Nazism and Bolshevism made unlikely bedfellows, but the brutally efficient joint Nazi-Soviet invasion of Poland in 1939 illustrated the powerful incentives that existed for both sides to set aside their differences. Forged by vain and pompous German foreign minister Joachim von Ribbentrop and his Russian counterpart, the inscrutable and stubborn Vyacheslav Molotov, the Nazi-Soviet pact in August of 1939 briefly unified the two powers. Together, the Germans and Soviets quickly conquered and divvied up central and eastern Europe—Poland, the Baltic States, Finland, and Bessarabia—aiding one another through exchanges of information, blueprints, and prisoners. The human cost was staggering: in Poland alone, the Soviets deported 1.5 million people in 1940, 400,000 of whom would never return. Tens of thousands were also deported from the Baltic States, including almost all of the members of the Estonian parliament. Of the 100,000 civilians deported to Siberia from Bessarabia, barely a third survived.
Nazi and Soviet leaders hoped that a similar quid-pro-quo agreement would also characterize their economic relationship. The Soviet Union would export much-needed raw materials to Germany, while the Germans would provide weapons and technological innovations to their communist counterparts. In reality, however, economic negotiations were fraught from the start, not least because the Soviets, mindful that the Germans were in dire need of raw materials to offset a British blockade, made impossible demands of their ally. Although German-Soviet trade still grew impressively through 1940, it was not enough to convince Hitler that he could rely on the partnership with Moscow, which on the whole was increasingly turbulent and unpredictable.
Fortunately for the Allies, the pact—which seemed to negate any chances of an Allied victory in Europe—was short-lived. Delving into the motivations and forces at work, Moorhouse explores how the partnership soured, ultimately resulting in the surprise June 1941 German invasion of the Soviet Union.

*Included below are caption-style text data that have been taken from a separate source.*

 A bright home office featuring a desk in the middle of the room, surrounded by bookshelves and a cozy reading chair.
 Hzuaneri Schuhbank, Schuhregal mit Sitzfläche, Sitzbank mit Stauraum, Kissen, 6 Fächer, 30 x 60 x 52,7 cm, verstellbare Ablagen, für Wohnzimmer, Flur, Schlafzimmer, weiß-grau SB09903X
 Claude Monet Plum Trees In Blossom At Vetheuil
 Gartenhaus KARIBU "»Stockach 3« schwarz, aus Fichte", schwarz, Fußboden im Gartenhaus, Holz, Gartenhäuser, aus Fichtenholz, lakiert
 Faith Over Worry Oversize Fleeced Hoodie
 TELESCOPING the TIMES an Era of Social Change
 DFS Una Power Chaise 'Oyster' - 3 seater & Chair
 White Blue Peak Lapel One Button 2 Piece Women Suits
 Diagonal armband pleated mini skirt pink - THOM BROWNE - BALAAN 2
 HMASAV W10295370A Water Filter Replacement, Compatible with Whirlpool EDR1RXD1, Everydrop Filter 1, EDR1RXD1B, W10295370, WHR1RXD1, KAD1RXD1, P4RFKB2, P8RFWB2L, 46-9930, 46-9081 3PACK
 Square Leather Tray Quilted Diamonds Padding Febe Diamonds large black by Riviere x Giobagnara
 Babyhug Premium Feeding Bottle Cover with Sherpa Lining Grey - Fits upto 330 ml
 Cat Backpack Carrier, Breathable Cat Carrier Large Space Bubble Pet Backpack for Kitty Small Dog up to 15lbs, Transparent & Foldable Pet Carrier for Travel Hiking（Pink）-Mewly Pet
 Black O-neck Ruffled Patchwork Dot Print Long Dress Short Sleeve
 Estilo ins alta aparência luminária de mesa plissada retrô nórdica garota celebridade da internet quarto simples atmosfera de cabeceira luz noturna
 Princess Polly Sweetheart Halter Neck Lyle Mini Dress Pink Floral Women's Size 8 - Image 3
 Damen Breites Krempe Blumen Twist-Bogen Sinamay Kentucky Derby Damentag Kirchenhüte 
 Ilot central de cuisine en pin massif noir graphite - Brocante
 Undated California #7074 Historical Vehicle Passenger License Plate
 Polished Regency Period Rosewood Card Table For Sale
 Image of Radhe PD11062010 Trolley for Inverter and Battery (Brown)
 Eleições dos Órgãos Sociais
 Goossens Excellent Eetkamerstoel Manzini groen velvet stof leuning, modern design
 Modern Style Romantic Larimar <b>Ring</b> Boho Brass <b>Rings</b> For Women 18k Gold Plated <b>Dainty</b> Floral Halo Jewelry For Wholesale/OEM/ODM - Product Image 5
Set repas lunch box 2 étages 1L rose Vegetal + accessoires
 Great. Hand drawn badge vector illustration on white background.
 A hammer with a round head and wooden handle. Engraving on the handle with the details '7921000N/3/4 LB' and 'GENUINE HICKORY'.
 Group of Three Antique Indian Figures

With the final dissolution of the pact, the Soviets sided with the Western democracies, a development that changed the course of the war—and which, upon Germany’s defeat, allowed the Soviets to solidify the inroads they had made into Eastern Europe during their ill-starred alliance. Reviled by contemporaries, the Nazi-Soviet Pact would have a similarly baleful afterlife. Though it was torn up by the Nazis and denied or excused as a strategic necessity by the Soviets, its effects and political ramifications proved remarkably persistent. The boundaries of modern eastern and central Europe adhere closely to the hasty divisions made by Ribbentrop and Molotov. Even more importantly, the pact laid the groundwork for Soviet control of Eastern Europe, a power grab that would define the post-war order.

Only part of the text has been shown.